Volvió con una cebolla, un tomate, pan casero y seis huevos de campo y sentenció: "Tenés que preparar algo con esto!". Lo tomé como un agradecimiento, tenía unas leñas encendidas pero elegí la cocina, una sartén y la posibilidad de pasar otra noche en aquella serenidad absoluta.
Ahora ella duerme mientras escribo, ambos estamos satisfechos y nos espera un desayuno con pan casero. La Duster un poco dolorida por el camino también se repone para volver. La GV estaría esperando más camino.

23 de diciembre de 2017

Navidad, recetas y libros

Mi esposa sintonizó un canal de cocina este mediodía, no soy indiferente a las recetas y la acompañé, preparaban unas galletas de Navidad con jengibre. La memoria me trasladó de inmediato a un libro que hube leído siendo niño: El hombrecito de pan de jengribre.
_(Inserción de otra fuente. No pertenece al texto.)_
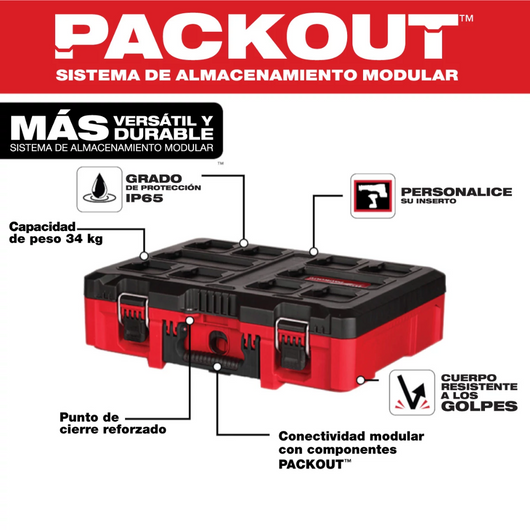 Caja para Herramientas Packout Milwaukee 48-22-845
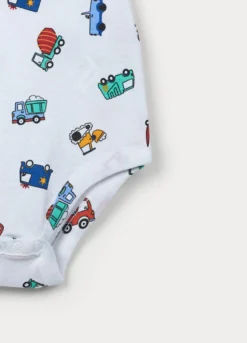 Pack 3 body in costina di puro cotone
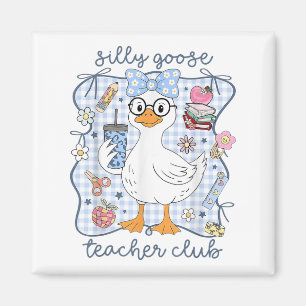 Gekke Goose Teacher Club Terug naar School Funny F Magneet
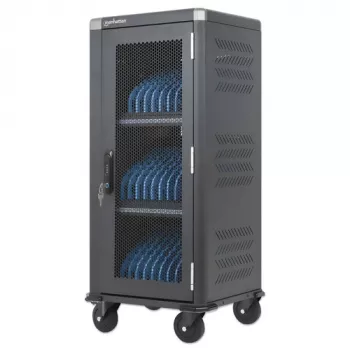 Manhattan 181471 30-Bay USB-C-Ladewagen, 30 W pro Port, Μαύρο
Eran tiempos de escuela primaria, 1961, cuando lo recibí como premio al finalizar el año escolar en la Escuela Dr. José Bianco de Villa María, después recibí otros todos los cuales atesoro en mi biblioteca personal, que necesita más estantes.
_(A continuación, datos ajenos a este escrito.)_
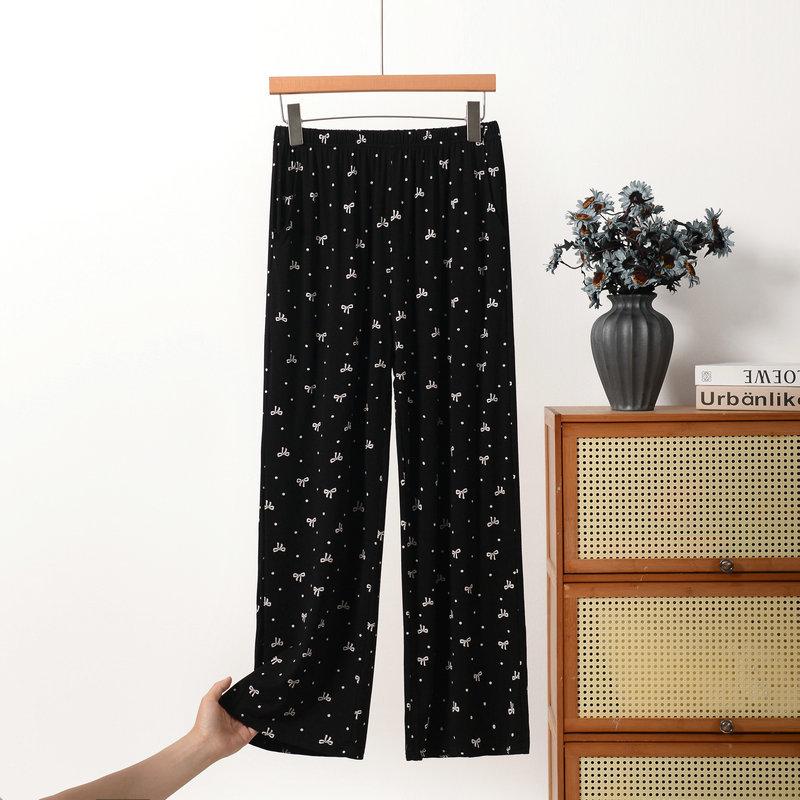 Plus Size XL to 6XL Women Modal Sleep Pants All Over BowKnot Print Slim Fit Casual Lounge Bottoms Wearable Outside Base Layer Trousers 4XL чорний
Plus Size XL to 6XL Women Modal Sleep Pants All Over BowKnot Print Slim Fit Casual Lounge Bottoms Wearable Outside Base Layer Trousers 4XL чорний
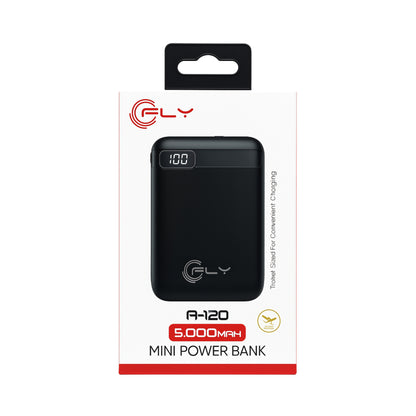Power Bank Portátil A-120 5.000 mAh – Compacto, Práctico y Siempre Listo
En aquellos años el paradigma educativo era la excelencia y nuestras maestras lo aplicaban. Los modestos premios que nuestro segundo hogar nos otorgaba por buenos promedios o asistencia perfecta no podían valorarse materialmente. Su intención era motivarnos a leer, aún durante el período vacacional.
La premisa cayó, en mi caso, en territorio fértil. No pedía compensaciones por buenas notas sino que mis padres pagaran la cuota de la Biblioteca Rivadavia o de la Mariano Moreno en su antigua ubicación. Con escasos nueve años salía de estos ámbitos los viernes a la tarde con un par de ejemplares que, rigurosamente, serían devueltos el lunes después de un fin de semana de lectura. Recuerdo la peor penitencia que mis padres me impusieron por alguna travesura infantil: una semana sin leer.
Son solo recuerdos que atravesaron mi memoria por una simple receta de Navidad en TV.